(Records shown)

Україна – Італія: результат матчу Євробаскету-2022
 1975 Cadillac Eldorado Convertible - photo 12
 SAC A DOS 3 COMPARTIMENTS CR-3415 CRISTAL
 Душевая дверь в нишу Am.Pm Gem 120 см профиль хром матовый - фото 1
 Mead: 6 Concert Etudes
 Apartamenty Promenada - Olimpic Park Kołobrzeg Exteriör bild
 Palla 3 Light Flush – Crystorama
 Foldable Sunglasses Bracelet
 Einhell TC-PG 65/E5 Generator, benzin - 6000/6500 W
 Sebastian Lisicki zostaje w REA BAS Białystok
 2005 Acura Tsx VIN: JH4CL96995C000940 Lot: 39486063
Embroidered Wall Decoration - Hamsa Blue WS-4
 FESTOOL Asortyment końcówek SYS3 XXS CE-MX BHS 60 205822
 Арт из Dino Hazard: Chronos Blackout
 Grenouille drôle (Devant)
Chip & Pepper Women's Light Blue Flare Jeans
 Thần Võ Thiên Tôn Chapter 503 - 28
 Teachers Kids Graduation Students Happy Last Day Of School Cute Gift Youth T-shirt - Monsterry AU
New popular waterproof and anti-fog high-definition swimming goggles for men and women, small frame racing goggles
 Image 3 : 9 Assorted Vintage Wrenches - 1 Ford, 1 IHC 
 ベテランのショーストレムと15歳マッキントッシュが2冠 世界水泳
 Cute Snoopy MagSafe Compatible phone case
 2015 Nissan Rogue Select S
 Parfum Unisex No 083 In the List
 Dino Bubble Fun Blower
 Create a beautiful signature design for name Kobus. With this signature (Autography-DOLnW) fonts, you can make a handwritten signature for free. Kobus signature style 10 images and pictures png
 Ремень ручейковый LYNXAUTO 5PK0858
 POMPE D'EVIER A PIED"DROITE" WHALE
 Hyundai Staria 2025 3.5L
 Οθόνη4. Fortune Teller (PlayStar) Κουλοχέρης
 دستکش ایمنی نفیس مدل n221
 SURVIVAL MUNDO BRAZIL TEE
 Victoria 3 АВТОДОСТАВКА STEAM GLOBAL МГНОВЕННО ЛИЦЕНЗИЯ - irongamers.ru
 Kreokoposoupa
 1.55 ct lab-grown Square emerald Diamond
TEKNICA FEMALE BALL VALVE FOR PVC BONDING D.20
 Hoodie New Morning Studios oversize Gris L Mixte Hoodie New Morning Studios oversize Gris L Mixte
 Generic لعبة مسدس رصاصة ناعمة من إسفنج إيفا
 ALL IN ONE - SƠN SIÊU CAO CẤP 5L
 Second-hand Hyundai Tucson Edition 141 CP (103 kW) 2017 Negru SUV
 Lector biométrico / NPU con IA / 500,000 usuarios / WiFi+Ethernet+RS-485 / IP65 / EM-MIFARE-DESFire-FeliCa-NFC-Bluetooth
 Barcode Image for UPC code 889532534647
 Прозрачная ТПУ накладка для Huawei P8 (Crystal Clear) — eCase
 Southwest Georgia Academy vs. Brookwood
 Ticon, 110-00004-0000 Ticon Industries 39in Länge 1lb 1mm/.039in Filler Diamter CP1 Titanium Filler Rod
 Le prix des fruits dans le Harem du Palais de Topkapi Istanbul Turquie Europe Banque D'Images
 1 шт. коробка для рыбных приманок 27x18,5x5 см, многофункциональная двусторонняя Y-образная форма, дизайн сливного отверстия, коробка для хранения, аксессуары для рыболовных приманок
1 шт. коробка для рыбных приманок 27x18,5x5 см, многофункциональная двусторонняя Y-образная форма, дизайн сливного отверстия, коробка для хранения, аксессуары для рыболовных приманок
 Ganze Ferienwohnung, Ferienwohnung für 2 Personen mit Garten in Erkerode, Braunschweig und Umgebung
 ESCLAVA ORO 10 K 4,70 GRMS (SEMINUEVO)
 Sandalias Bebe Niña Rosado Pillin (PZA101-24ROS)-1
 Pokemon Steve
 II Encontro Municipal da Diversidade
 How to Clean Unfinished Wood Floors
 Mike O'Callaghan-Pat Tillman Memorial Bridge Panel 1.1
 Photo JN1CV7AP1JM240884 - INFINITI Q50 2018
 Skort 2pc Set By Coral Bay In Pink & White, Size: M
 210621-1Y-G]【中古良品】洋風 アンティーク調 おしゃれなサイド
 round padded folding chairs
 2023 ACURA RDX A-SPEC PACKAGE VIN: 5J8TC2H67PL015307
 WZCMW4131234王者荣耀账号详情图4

(End Records shown)

What is needed >> Write out word for word only the lines from the start of the entries down to the line with "SURVIVAL MUNDO BRAZIL TEE", please, including both ends.

Written reply >>
Україна – Італія: результат матчу Євробаскету-2022
 1975 Cadillac Eldorado Convertible - photo 12
 SAC A DOS 3 COMPARTIMENTS CR-3415 CRISTAL
 Душевая дверь в нишу Am.Pm Gem 120 см профиль хром матовый - фото 1
 Mead: 6 Concert Etudes
 Apartamenty Promenada - Olimpic Park Kołobrzeg Exteriör bild
 Palla 3 Light Flush – Crystorama
 Foldable Sunglasses Bracelet
 Einhell TC-PG 65/E5 Generator, benzin - 6000/6500 W
 Sebastian Lisicki zostaje w REA BAS Białystok
 2005 Acura Tsx VIN: JH4CL96995C000940 Lot: 39486063
Embroidered Wall Decoration - Hamsa Blue WS-4
 FESTOOL Asortyment końcówek SYS3 XXS CE-MX BHS 60 205822
 Арт из Dino Hazard: Chronos Blackout
 Grenouille drôle (Devant)
Chip & Pepper Women's Light Blue Flare Jeans
 Thần Võ Thiên Tôn Chapter 503 - 28
 Teachers Kids Graduation Students Happy Last Day Of School Cute Gift Youth T-shirt - Monsterry AU
New popular waterproof and anti-fog high-definition swimming goggles for men and women, small frame racing goggles
 Image 3 : 9 Assorted Vintage Wrenches - 1 Ford, 1 IHC 
 ベテランのショーストレムと15歳マッキントッシュが2冠 世界水泳
 Cute Snoopy MagSafe Compatible phone case
 2015 Nissan Rogue Select S
 Parfum Unisex No 083 In the List
 Dino Bubble Fun Blower
 Create a beautiful signature design for name Kobus. With this signature (Autography-DOLnW) fonts, you can make a handwritten signature for free. Kobus signature style 10 images and pictures png
 Ремень ручейковый LYNXAUTO 5PK0858
 POMPE D'EVIER A PIED"DROITE" WHALE
 Hyundai Staria 2025 3.5L
 Οθόνη4. Fortune Teller (PlayStar) Κουλοχέρης
 دستکش ایمنی نفیس مدل n221
 SURVIVAL MUNDO BRAZIL TEE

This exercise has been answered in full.